It's usually just people downloading mystery software (could be malware but oh well) onto their computer which promises to have a button that says "jailbreak" and then they jailbreak their device with it not knowing what goes on and then use a magical 'jailbreak app' (cydia, etc) on their device which in turn gives them magical 'free' software and GBA emulators.



So they can Google for what they want and follow simple instructions to get the computer to do what they want? Great, that's probably enough not to have to ask somebody for help with almost any computer problem/thing you want the computer to do. Using computers will always be an exercise in sensible and appropriate abstraction, in this case I doubt they need to know how jailbreaking actually works.


Except that's more like a Harry-Potter way of doing things, where if someone tells you the right incantation you can perform the magic, but there's no way you're going to fix things if it doesn't work and no chance of understanding what's going on in order to do anything new.


Yet his description is precisely how I became someone with over 10 years professional IT experience and 6 years over that as a developer.

My 386 era machine at the time was without internet. My first experience was through AOL and Netcom in the early 90's. I mostly got lucky when things broke as I would fix one thing and break another horribly.

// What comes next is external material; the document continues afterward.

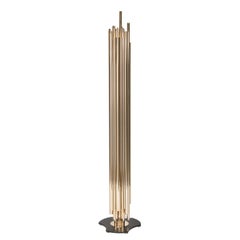 Brass Tubes Floor Lamp with Gold-Plated Solid Brass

Slowly over time I began offloading large chunks of brain power to the internet as Google and others started really upping their game. Now, as a developer I don't keep syntax idiosyncrasies between languages in my head, I search. I don't keep esoteric error messages from Microsoft Office in my head, again I search. The proper use of Google has practically paid my salary for the last 16+ years. Once Stack Overflow came on the scene, my developer skillset took a quantum leap and I suspect a lot of people could agree with that statement. Now, I can say with certainty a significant portion of my computer literacy comes from my ability to use Google effectively.

I'm completely convinced that teaching proper search techniques to just an intermediate level would bring a lot of people close to being at least "literate enough." I expect everyone to be able to solve any user software problem they have but that should extend to the OS as well. Hardware problems aren't that much harder to solve but they generally require more practical knowledge, like how a specific peripheral behaves under normal working conditions. That can easily be taught as well but I expect only people that care to not pay ridiculously high prices for repair would care to venture into this territory.

Regardless, this is a long way of saying this isn't a Harry-Potter way of doing things for most people. It might seem like magic at first to a vast majority even, but over time that will turn into confidence and skill to solve genres of problems, not just specifics.